Error Messages That Occur with ClusterXL or State Synchronization

A number of error messages show up when using ClusterXL or State Synchronization. The following subsections document some of the more common ones and what, if anything, you need to do about them.

13.5 Various Error Messages Occur during a Full Sync

During a full sync between firewalls running State Synchronization, a number of error messages might show up, particularly if the gateways are under load. One or more of the following messages might appear.

"h_rename: entry not found"
"h_slink: an attempt to link to a link"
"kbuf id not found"
"fw_conn_post_inspect: fwconn_init_links failed"

During full sync, an existing member sends its firewall tables to a new member while at the same time updating the tables with information from incoming packets. Updates are necessary when receiving packets because the firewall should not stop handling packets while a full sync is under way. Unfortunately, a full sync can be somewhat lengthy, and these errors will show up during that time. You can safely ignore these errors.

13.6 Error Changing Local Mode from <mode1> to <mode2> because of ID <machine_id>

You may see this error message when using ClusterXL if the working mode of the cluster members isn't in sync. For example, one member might be in HA mode, and another might be in Load Sharing mode. ClusterXL resolves this by reducing the working mode to the lowest common mode. This error is safe to ignore.

13.7 Inconsistencies Exist between Policies Installed on Cluster Members on My Console

This error may appear if the State Synchronization mechanism detects that cluster members have different policies. Such a condition may result from a fw fetch command executed on a cluster member after a policy on the management module was pushed but not successfully installed on any cluster member. This results in the two cluster members actually enforcing different policies, which is an unstable situation. To resolve it, reinstall the policy to the entire cluster.

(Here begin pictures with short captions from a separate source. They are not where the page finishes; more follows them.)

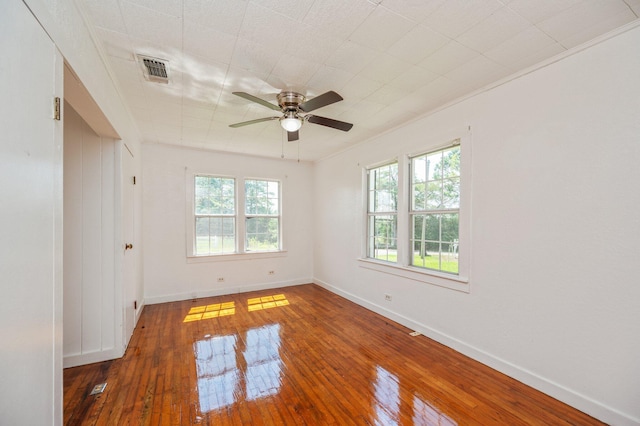 942 Varnum Rd, Laurel Hill, FL 32567 - empty room with wood-type flooring and ceiling fan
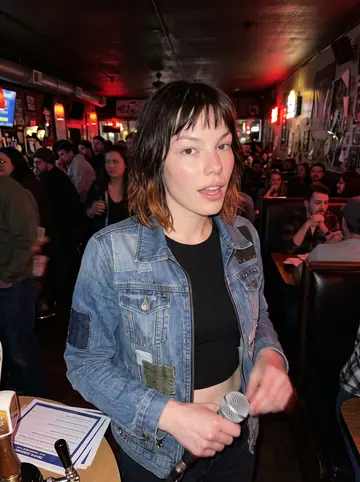Kayla, AI character: the same Denver dive bar late on trivia night, crowded booths behind her and a small stack of answer…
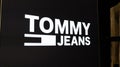 Tommy jeans Hilfiger text brand and logo store premium American clothing company sign Royalty Free Stock Photo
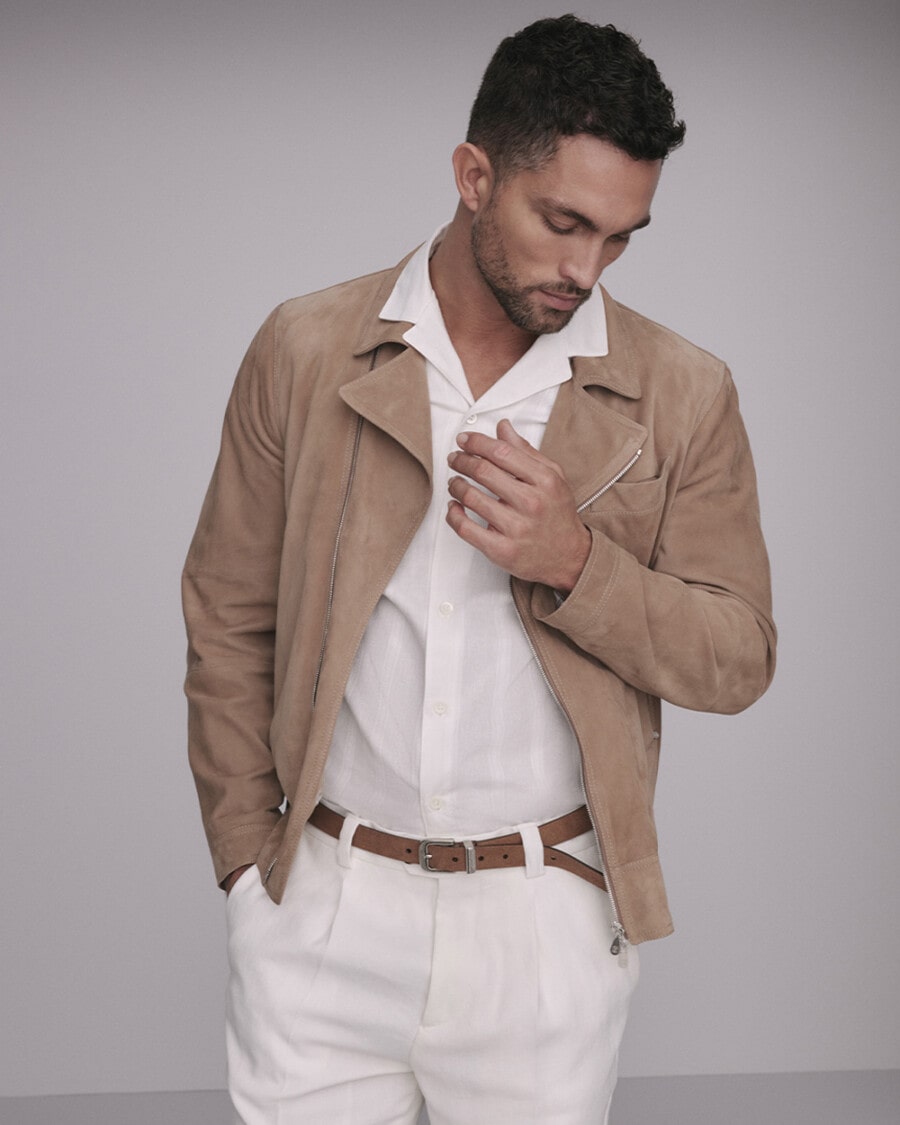 Man wearing Brunello Cucinelli white pleated pants, white camp collar shirt, tan suede belt and caramel suede biker jacket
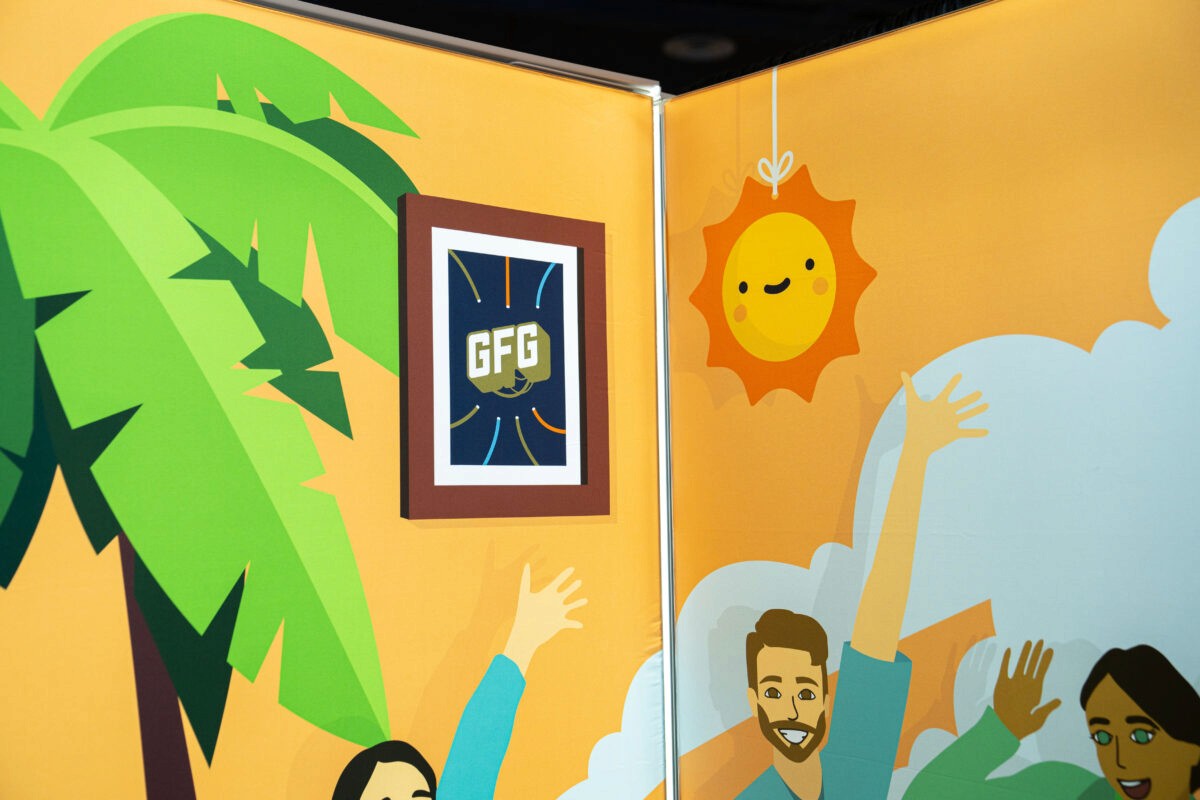 Corner view of the Gamers Outreach booth highlighting a picture frame with the Gamers for Giving logo, and the Team Sunny mascot from VTuber Summer Slam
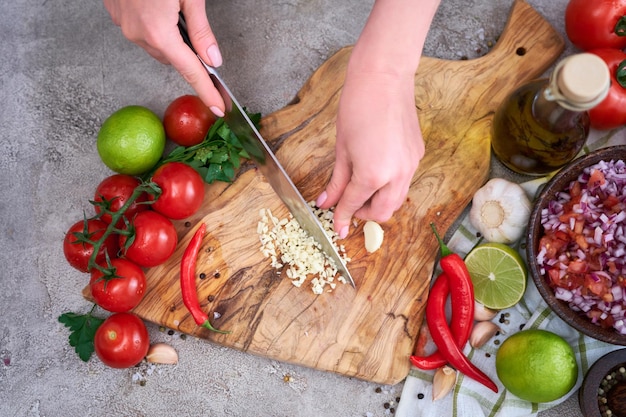 Vrouw snijden en hakken knoflook met een mes op een houten bord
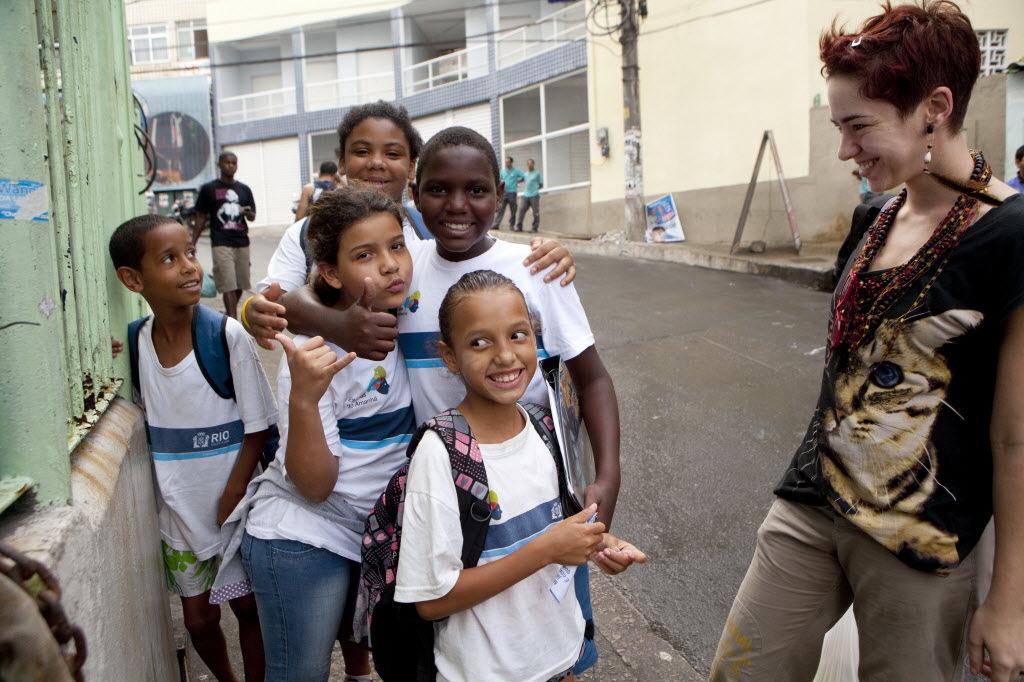 Tatiana Coelho chats with schoolchildren in the Rio de Janeiro favela she now calls home. Coelho, who is Portuguese, came to Brazil a year ago because of all the job opportunities - and because of the weak economy back home. She is an artist. She says she enjoys living in the favela because there is more humanity here, that it is real life. Image by Melanie Stetson Freeman. Brazil, 2012 Media file: favela_tatiana.jpg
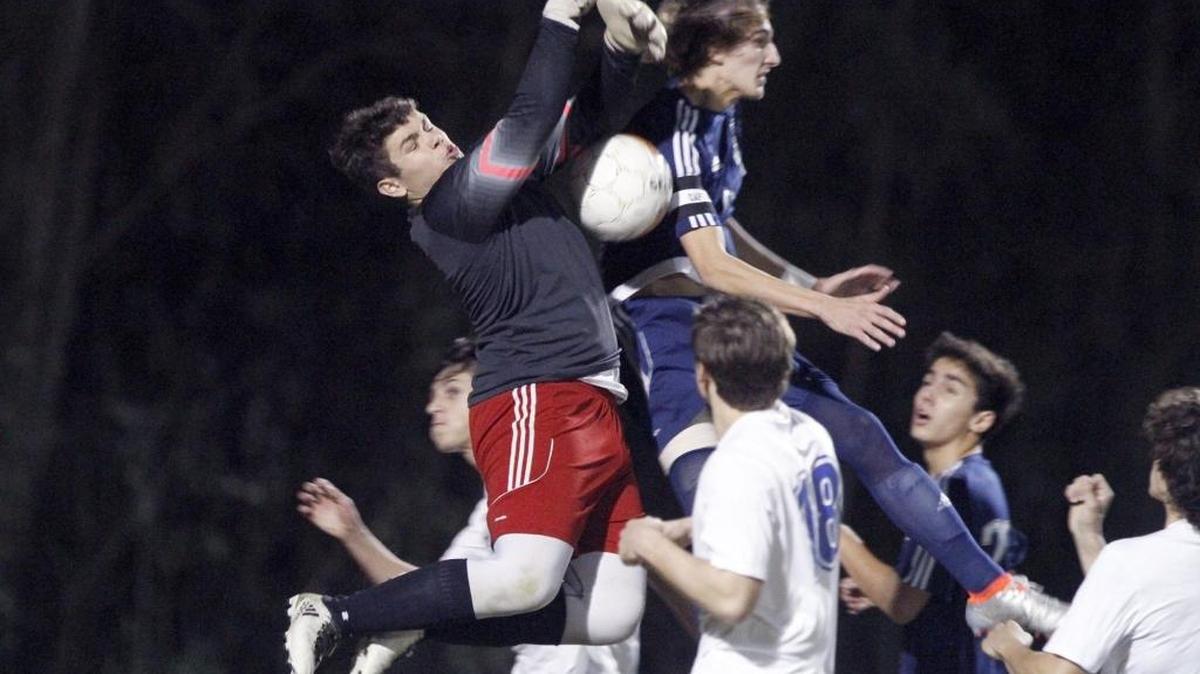 Resurrection goal keeper Bronson Raworth leaps to block a shot on goal against St. Patrick.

13.8 CPHA: Received Confirmations from More Machines Than the Cluster Size

This message occurs during a policy installation on the cluster. It means that your cluster configuration is inconsistent or another cluster is using the same network for State Synchronization and you haven't configured the other cluster to use different MAC addresses as documented in FAQ 13.2.

13.9 FwHaTimeWorker: Wait Failed (Status N)

This error message occurs on a multiprocessor Windows platform. When this occurs, ClusterXL will not function at all. Check Point reports this is a failure within the operating system. Check Point does not provide a resolution to this problem.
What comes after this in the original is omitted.